* **Prompt**
Begin with the first line of the entries below. Copy each line exactly, stopping after the one that contains "2019 Chevrolet Traverse".

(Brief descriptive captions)
[Start of section]

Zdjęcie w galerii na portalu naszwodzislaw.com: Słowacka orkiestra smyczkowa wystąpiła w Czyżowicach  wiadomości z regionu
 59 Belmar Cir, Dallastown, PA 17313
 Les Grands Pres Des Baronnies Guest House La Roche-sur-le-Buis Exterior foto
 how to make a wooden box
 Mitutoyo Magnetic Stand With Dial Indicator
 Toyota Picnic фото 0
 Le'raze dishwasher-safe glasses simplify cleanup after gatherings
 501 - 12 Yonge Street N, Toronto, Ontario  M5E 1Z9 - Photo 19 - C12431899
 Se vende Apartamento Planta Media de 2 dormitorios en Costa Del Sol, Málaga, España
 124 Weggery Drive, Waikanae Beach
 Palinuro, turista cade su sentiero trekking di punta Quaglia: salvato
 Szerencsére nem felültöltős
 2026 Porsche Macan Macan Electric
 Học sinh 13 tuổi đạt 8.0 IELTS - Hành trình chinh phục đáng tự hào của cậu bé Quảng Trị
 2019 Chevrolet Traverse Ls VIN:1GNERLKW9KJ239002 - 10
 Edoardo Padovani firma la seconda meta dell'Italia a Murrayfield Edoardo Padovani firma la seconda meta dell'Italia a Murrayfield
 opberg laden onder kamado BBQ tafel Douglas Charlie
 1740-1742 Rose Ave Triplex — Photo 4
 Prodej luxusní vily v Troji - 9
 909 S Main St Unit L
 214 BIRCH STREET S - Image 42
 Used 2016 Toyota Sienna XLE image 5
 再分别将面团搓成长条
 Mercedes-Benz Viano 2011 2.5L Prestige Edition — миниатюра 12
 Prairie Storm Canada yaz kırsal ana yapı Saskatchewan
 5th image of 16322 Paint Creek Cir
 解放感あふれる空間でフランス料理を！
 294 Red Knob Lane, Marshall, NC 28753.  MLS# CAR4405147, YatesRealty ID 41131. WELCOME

[End of section]

* **Task output**
Zdjęcie w galerii na portalu naszwodzislaw.com: Słowacka orkiestra smyczkowa wystąpiła w Czyżowicach  wiadomości z regionu
 59 Belmar Cir, Dallastown, PA 17313
 Les Grands Pres Des Baronnies Guest House La Roche-sur-le-Buis Exterior foto
 how to make a wooden box
 Mitutoyo Magnetic Stand With Dial Indicator
 Toyota Picnic фото 0
 Le'raze dishwasher-safe glasses simplify cleanup after gatherings
 501 - 12 Yonge Street N, Toronto, Ontario  M5E 1Z9 - Photo 19 - C12431899
 Se vende Apartamento Planta Media de 2 dormitorios en Costa Del Sol, Málaga, España
 124 Weggery Drive, Waikanae Beach
 Palinuro, turista cade su sentiero trekking di punta Quaglia: salvato
 Szerencsére nem felültöltős
 2026 Porsche Macan Macan Electric
 Học sinh 13 tuổi đạt 8.0 IELTS - Hành trình chinh phục đáng tự hào của cậu bé Quảng Trị
 2019 Chevrolet Traverse Ls VIN:1GNERLKW9KJ239002 - 10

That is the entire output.